Monday 2 February 2009

But can you eat it?

The text for today’s lesson comes from the late great Edmundo Ros, whose sepulchral tones ring in my ear as I type: "It’s illegal, it’s immoral or it makes you fat!"

Healthy eating – OK, the advice from "experts varies daily, but is there someone who can help us eat healthily (and maybe enjoy our food as well)?

A picture of health

In current UK use, the word "agency" can make the blood run cold. Government agencies run amok through our society, with politicians running behind them whining "not my responsibility". So why bother with the website of the Food Standards Agency?

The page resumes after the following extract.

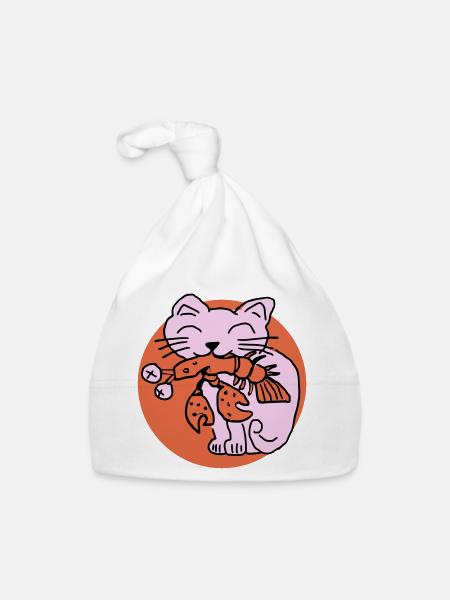 Katze frisst Krebs auf - Baby Bio-Mütze - Weiß - Vorne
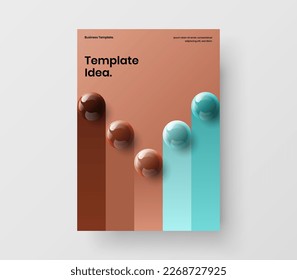 Isolated annual report A4 design vector concept. Amazing realistic balls corporate identity template.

The FSA seems to have received some good advice on how to run a website which informs without hysteria or too much gobbledegoop. OK, they always have line-up of warnings about who’s trying to poison us this week, but even these steer well clear of raging headlines and overblown prose. But let’s leave the poxy peanuts and the rest, and have a look at what they say about nutrition (there’s a link in the left hand column).

In terms of eating well myself (I try, I try) I was attracted by the section entitled "Using the eatwell plate". Now the eatwell plate is an attempt to make a balanced diet possible for people who nod off during well-intended lectures on nutrition. There’s a lovely picture of a plate, divided in proportion to the amounts of food types you should be eating – meat and fish, fruit and veg, rice and spuds, and so on. I was going to liken it to a pie-chart, but somehow that doesn’t seem appropriate!

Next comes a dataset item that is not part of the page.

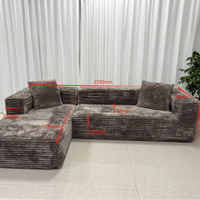 YY08 #   Canapé d'angle modulaire en velours de luxe moderne en forme de L, capitonné, inclinable, avec dossier sans dossier et accoudoirs droits, pour salon et appartement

You can read some rather careful words about using the eatwell plate concept, but the picture itself, along with some useful external links, makes a good start on its own – you can get a larger-sized picture to print off and tape to the side of your deep-fat fryer.

(From the Gateway to websites, select "Home & garden". The Food Standards Agency is under "Food and drink".)

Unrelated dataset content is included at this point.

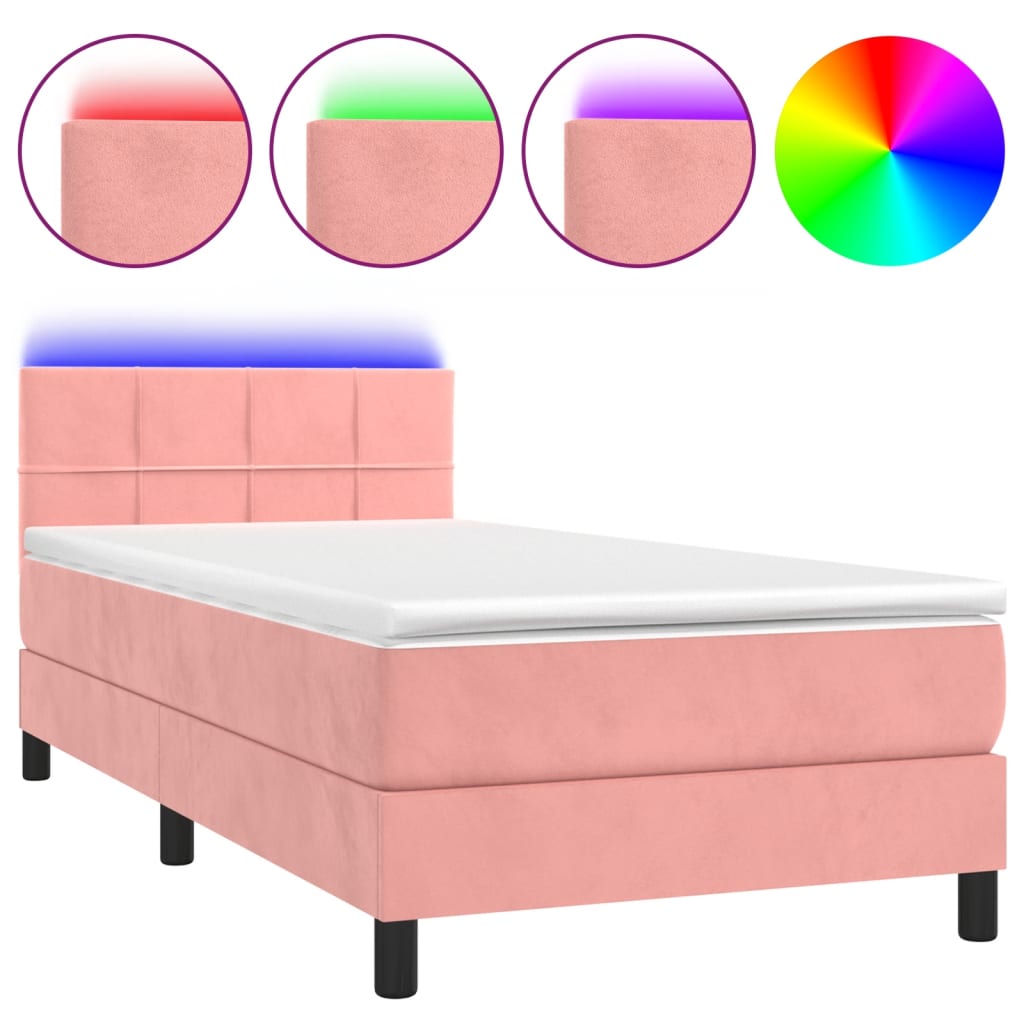 Krevet box spring s madracem LED ružičasti 90x200 cm baršunasti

Oh, you know, I just threw it off!

You know how it is: you look in the kitchen, you find a few bananas, and a bit of old chicken in the fridge, and you need to rustle up a little something in about half an hour. What to do? Turn to the Recipe Search, that’s what. And thirty minutes later you impress your guests with Chicken Maryland with fried Banana.

The Recipe Search comes from Sainsbury’s, who obviously want you to toddle down to the nearest branch and buy any of the ingredients you don’t have to hand. But the website is freely available, so you can buy the stuff wherever you like.

Mind you, for the chicken and banana concoction you need an oven. So I’m not sure what I’ll be able to do with them using a microwave and a toaster. Bearing in mind that "Mama Don’Wan’No Peas An’ Rice An’Coconut Oil" (Count Basie).

(From the Gateway to websites, select "Home & garden". Recipe Search is under "Food and drink".)